Using this interface, I filled in the following fields to answer the
example that you give:
Display: Word
Number of syllables: MIN=1 MAX=1
Common part of speech: incl N
Simple letter match: *ey
... and I received the following list of one syllable nouns ending in
-ey:
DEY
KEY
LEY
PREY
TREY
WEY
WHEY
One area where the MRC database is exceeding cunning, is that I can
also restrict the output on the basis of how the word *sounds*. So for
example, say I wanted a list of one syllable nouns ending in the sound
'ee' instead, I can enter the same criteria as above, but instead of
using a simple letter match I can specify a precise phonetic
transcription of: *i . This gives the following output:
BEE
BREE
D
DE
E
FEE
FLEA
G
GEE
GHEE
GLEE
KEY
KNEE
LE
LEA
LEE
LI
ME
MI
P
PEA
PLEA
QUAY
RE
SCREE
SE
SEA
SEE
SI
SKI
SPREE
T
TE
TEA
TEE
THREE
TREE
V
... which seems appropriate.
The dictionary web pages give quite good instructions next to each
possible criterion, as you'll see.
You can also download the dictionary for use on your own computer -
this is particularly useful if you use a UNIX system.

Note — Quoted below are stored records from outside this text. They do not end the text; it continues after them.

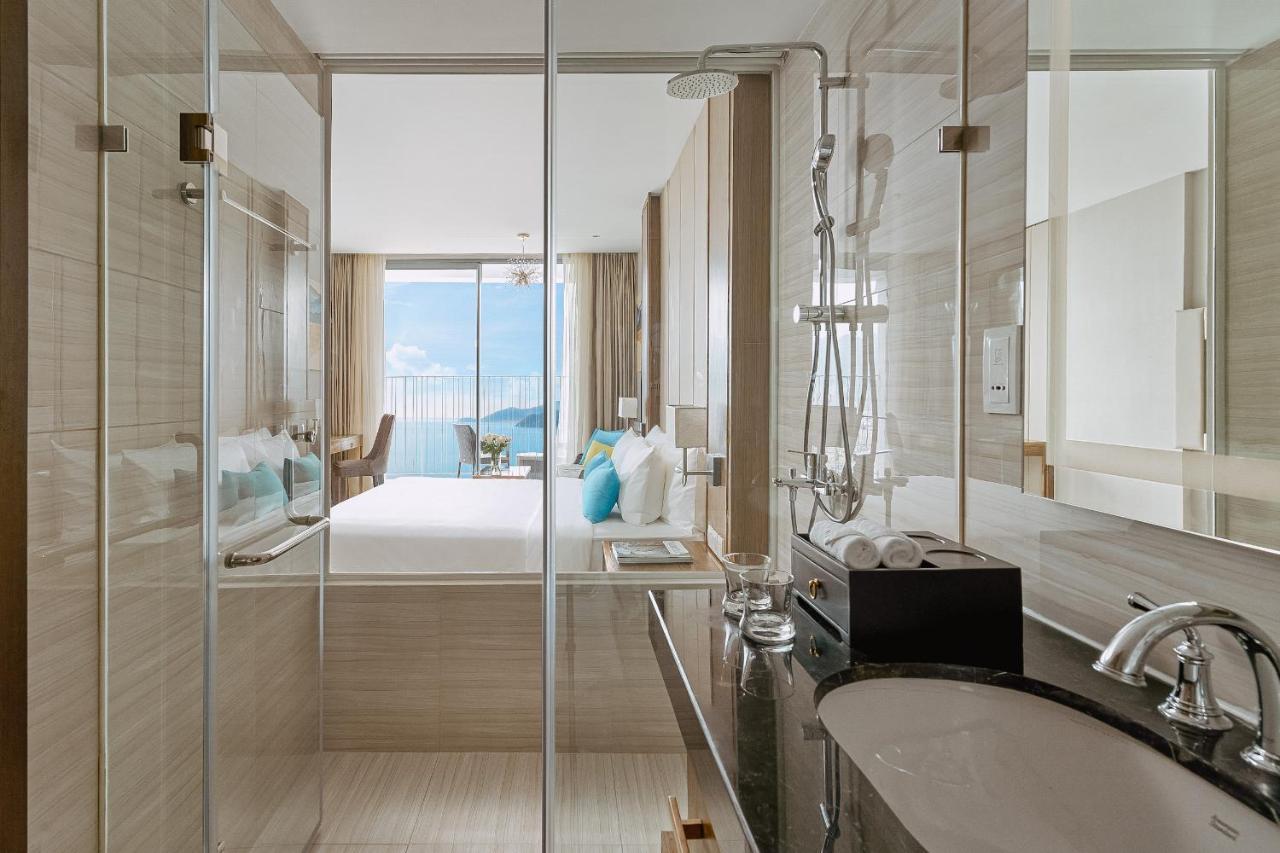 Luxury Condo Nha Trang By Seagroup Kültér fotó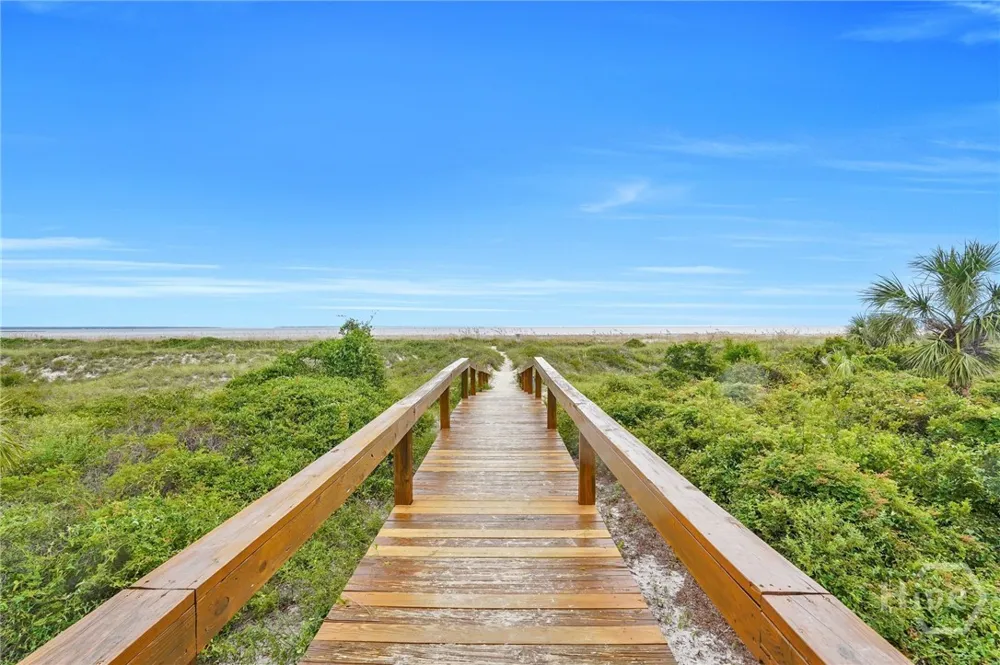 85 Van Horne Street #23B Tybee Island, GA 31328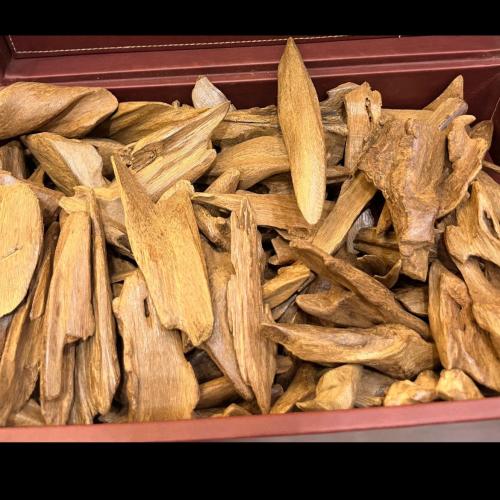 عود موروكي طبيعي تربل سوبر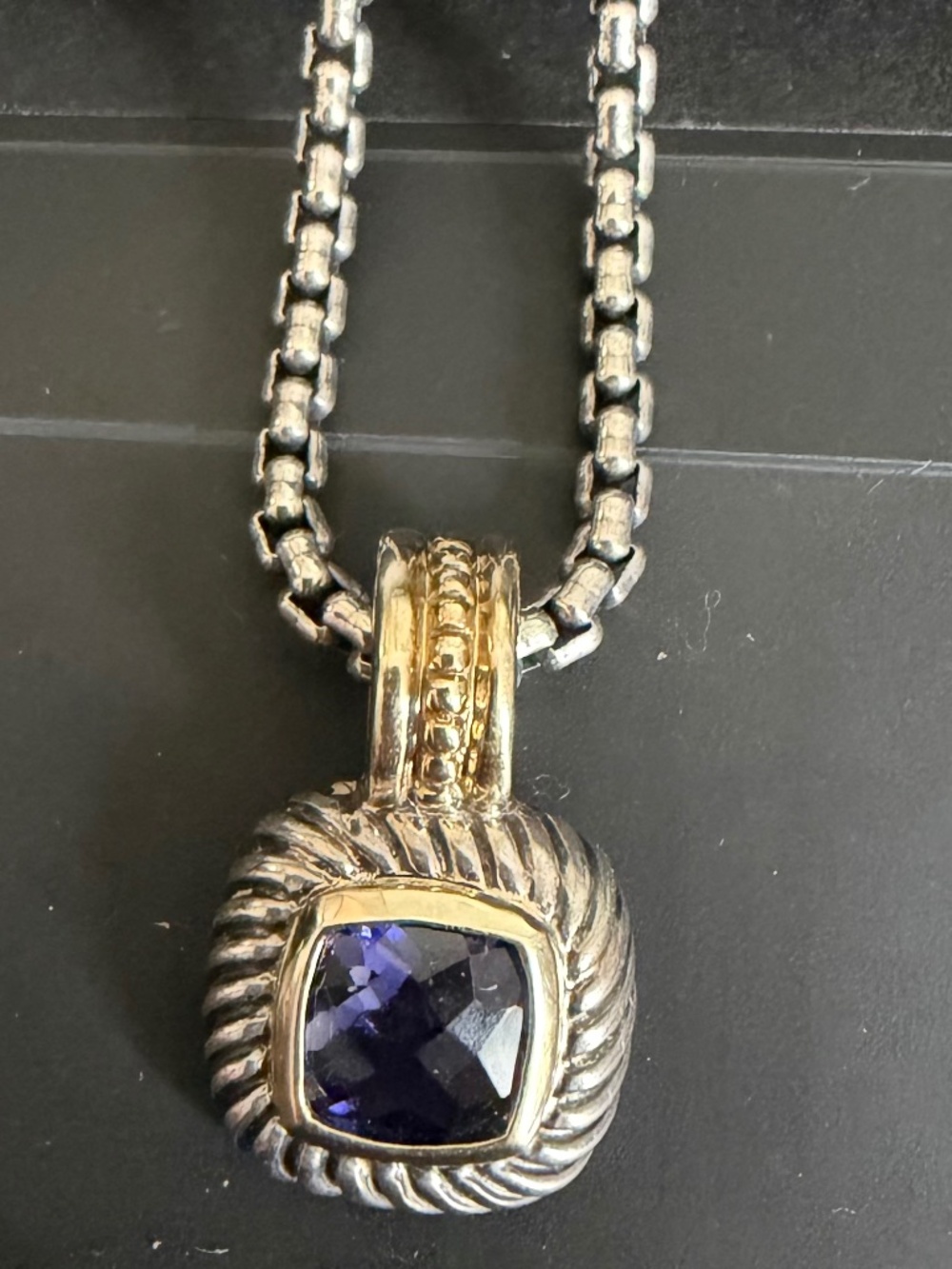 David Yurman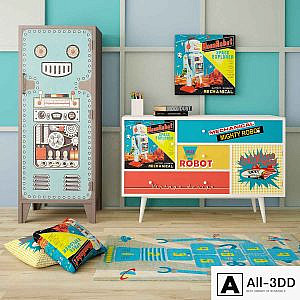 Maisons du monde ROBOT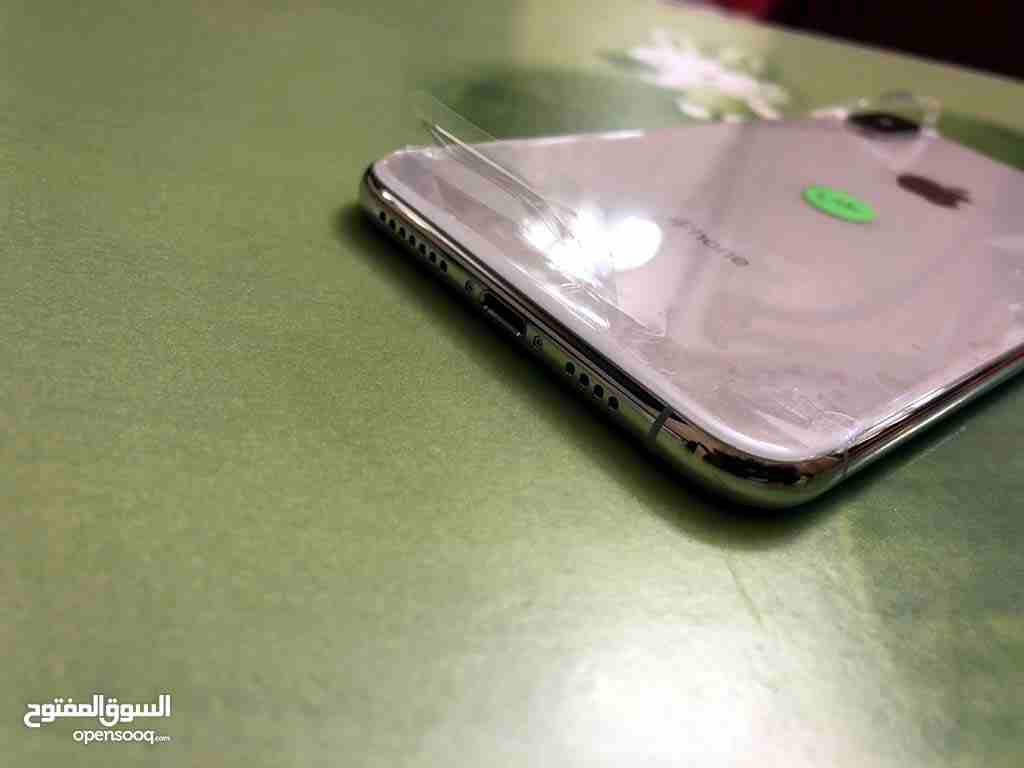 xs max 64 بحالة الجديد بسعر خرافي
لا تنسَ أنك شاهدت هذا الإعلان في عنكبوت
ايفون xs max 64 جيجا بح...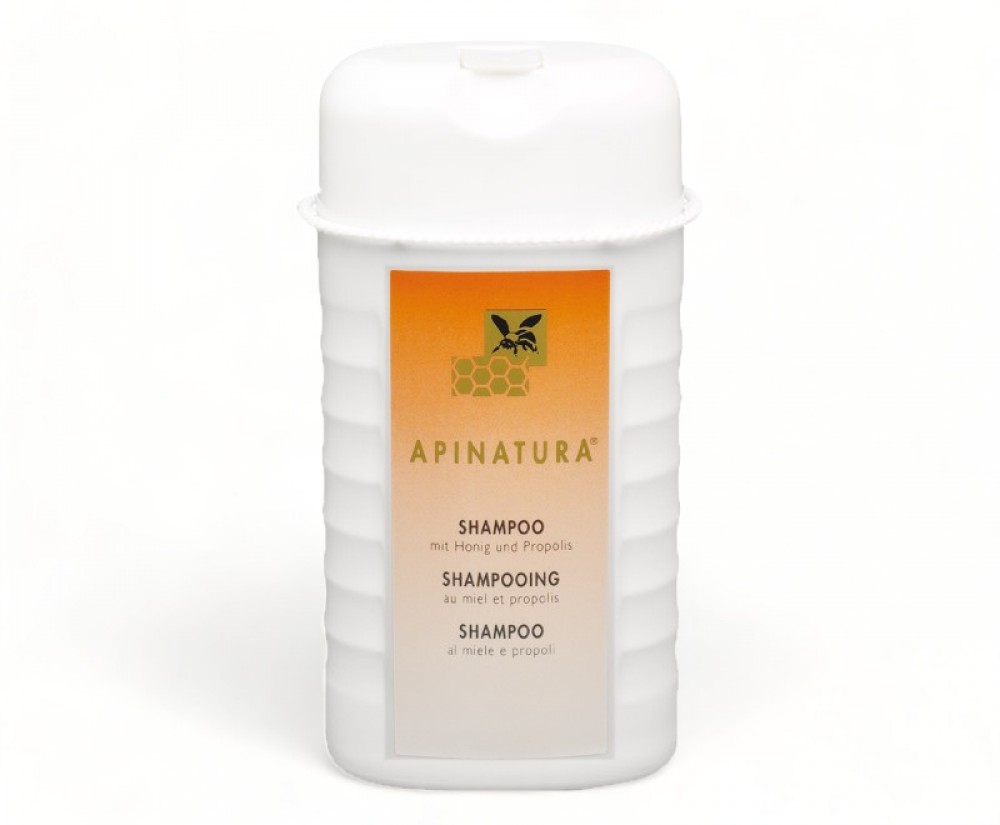 Shampoing 300ml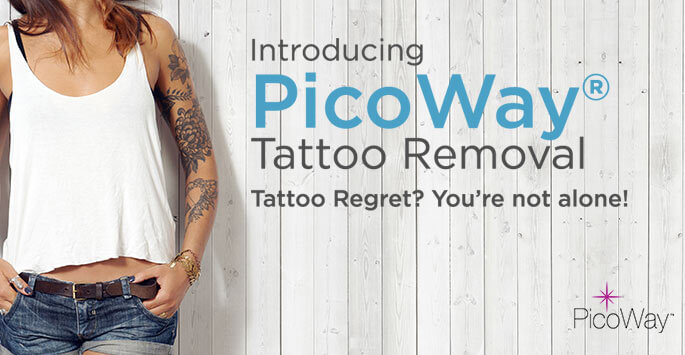 Picoway tattoo removal | Fox Vein & Laser Experts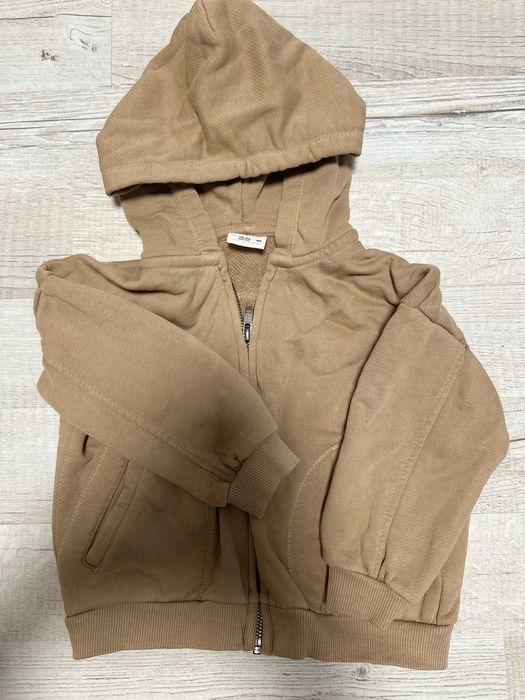 Кофта  zara 92 состояние идеальное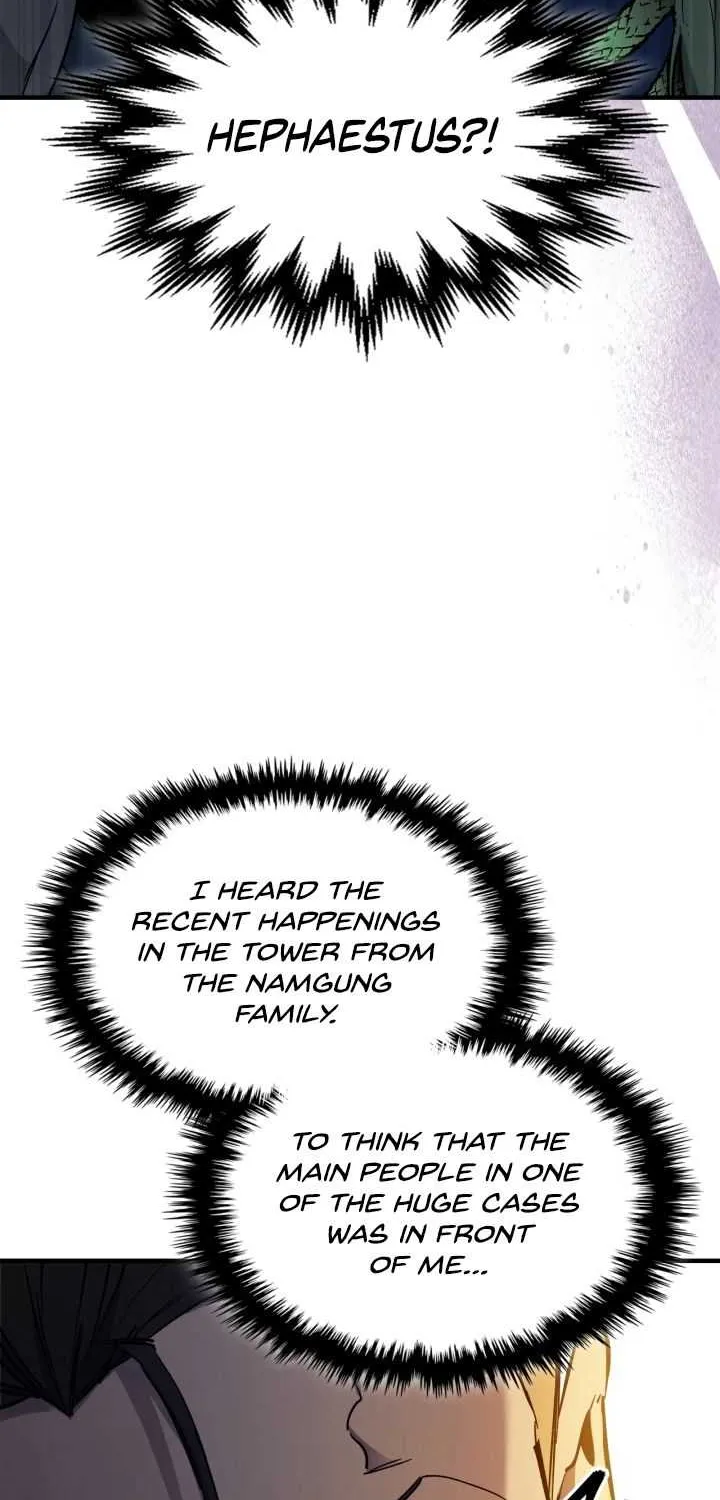 Read Leveling With The Gods chapter 52 image 57 on Lezhin
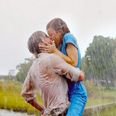 Kissing In The Rain & Romantic Gestures: The Lessons We Learned About Love From Films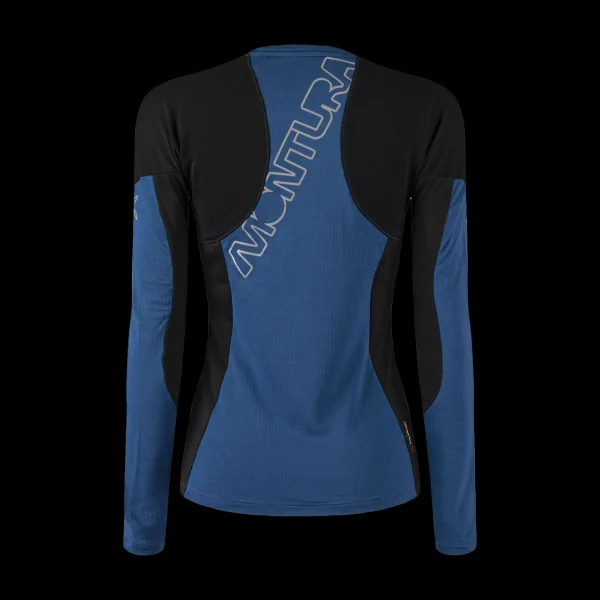 RUN FLY MAGLIA WOMAN<Montura Outlet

The link for
this is at:
http://ota.ahds.ac.uk/texts/1054.html
... though note that the dictionary file itself is about 12MB in
filesize!
I hope you find this answer of some use - I've come to rely on the MRC
psycholinguistics database rather a lot, as it's a very useful
dataset.
Good luck with your work!
stuartwoozle.
(Note that no search strategy was used for this answer, as I had the
relevant websites bookmarked in my browser) |